Crawled caption data:

%%

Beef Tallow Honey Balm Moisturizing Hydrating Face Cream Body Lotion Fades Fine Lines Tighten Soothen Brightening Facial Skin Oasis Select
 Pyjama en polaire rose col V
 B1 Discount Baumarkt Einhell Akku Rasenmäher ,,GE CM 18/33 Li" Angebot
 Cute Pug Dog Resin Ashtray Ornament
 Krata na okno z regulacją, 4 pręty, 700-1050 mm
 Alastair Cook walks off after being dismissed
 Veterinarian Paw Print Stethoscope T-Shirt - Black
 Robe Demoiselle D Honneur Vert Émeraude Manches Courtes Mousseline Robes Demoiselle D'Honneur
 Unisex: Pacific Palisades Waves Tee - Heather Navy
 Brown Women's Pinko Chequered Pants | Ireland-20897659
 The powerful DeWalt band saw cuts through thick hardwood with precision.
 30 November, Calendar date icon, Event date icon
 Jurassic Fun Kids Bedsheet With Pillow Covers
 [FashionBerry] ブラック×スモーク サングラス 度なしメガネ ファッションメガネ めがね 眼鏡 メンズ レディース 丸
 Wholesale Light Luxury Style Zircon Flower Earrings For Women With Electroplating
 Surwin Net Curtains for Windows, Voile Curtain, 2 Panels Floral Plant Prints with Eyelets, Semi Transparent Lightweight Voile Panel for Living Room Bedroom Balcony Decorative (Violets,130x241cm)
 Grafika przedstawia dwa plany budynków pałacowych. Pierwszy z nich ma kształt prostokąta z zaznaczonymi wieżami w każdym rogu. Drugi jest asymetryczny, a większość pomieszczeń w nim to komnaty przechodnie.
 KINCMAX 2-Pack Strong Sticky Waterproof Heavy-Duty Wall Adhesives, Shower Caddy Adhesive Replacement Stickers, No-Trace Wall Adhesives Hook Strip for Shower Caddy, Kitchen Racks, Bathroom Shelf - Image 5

%%

What to do:
Copy every line of the entries above in which "Women" occurs.

Task output:
 Brown Women's Pinko Chequered Pants | Ireland-20897659
 Wholesale Light Luxury Style Zircon Flower Earrings For Women With Electroplating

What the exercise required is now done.